**Material to process:**
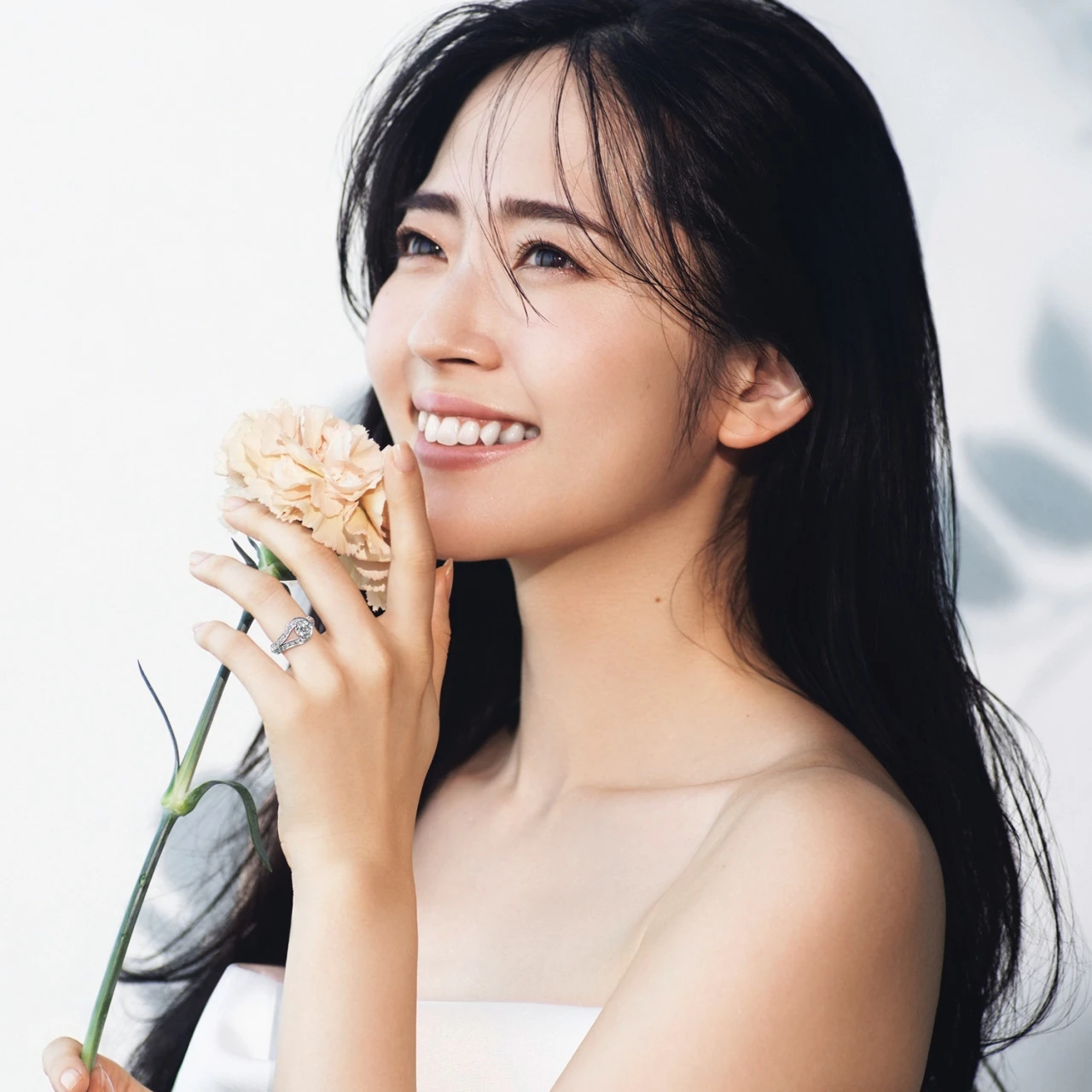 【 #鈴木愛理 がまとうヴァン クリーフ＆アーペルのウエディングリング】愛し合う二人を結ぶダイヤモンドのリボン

==

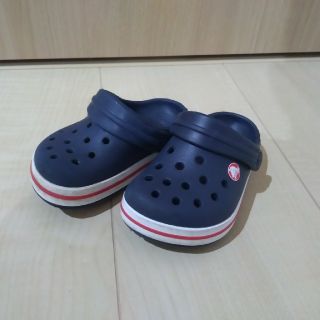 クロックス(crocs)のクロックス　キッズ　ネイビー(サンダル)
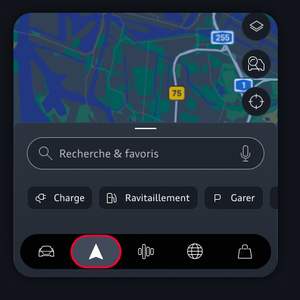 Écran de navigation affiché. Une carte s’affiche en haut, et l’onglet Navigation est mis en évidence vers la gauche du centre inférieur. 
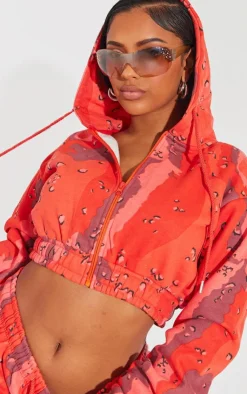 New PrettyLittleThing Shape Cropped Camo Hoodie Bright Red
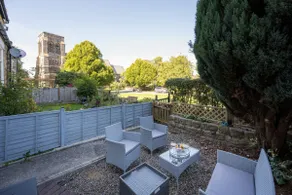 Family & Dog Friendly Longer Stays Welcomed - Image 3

---

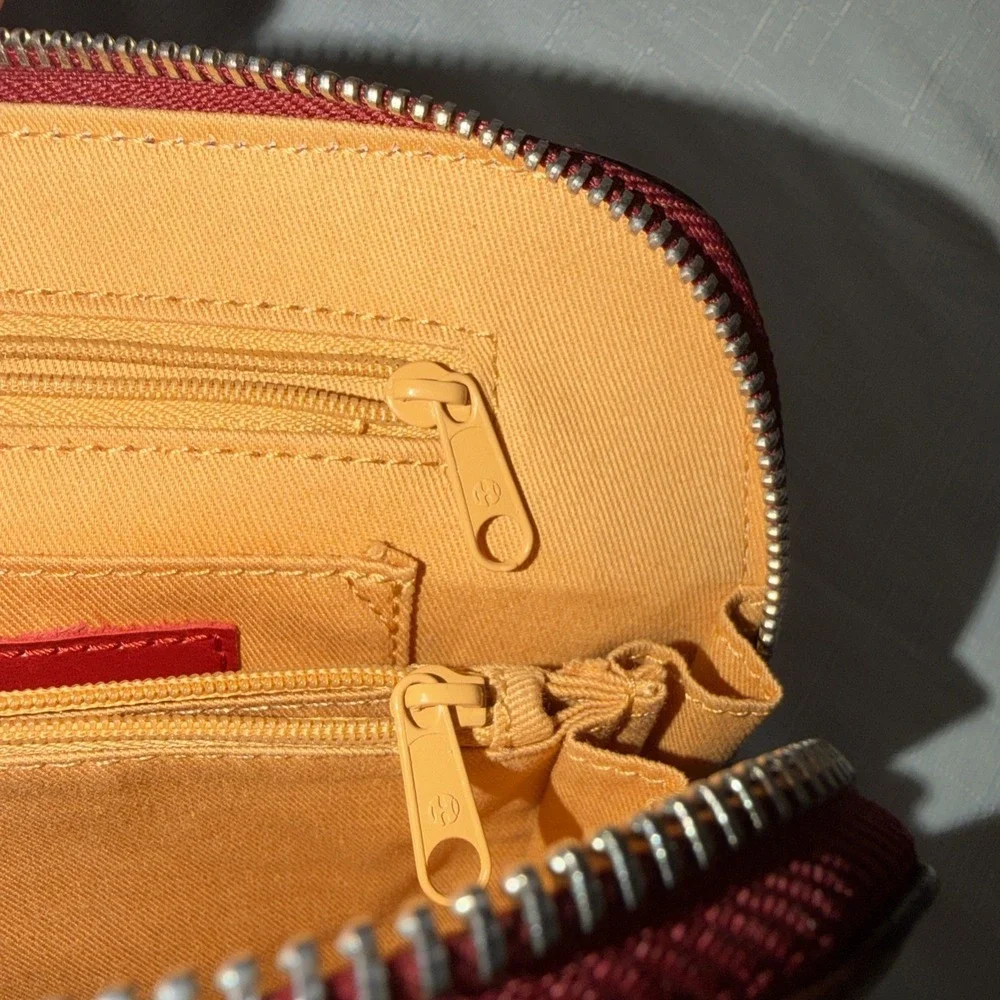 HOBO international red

**Assignment:** Everything between and including the line above containing "クロックス(crocs)のクロックス　キッズ　ネイビー(サンダル)" and the line containing "Family & Dog" should be reproduced exactly, with pictures excluded.

**Expected output:**
 クロックス(crocs)のクロックス　キッズ　ネイビー(サンダル)
 Écran de navigation affiché. Une carte s’affiche en haut, et l’onglet Navigation est mis en évidence vers la gauche du centre inférieur. 
 New PrettyLittleThing Shape Cropped Camo Hoodie Bright Red
 Family & Dog Friendly Longer Stays Welcomed - Image 3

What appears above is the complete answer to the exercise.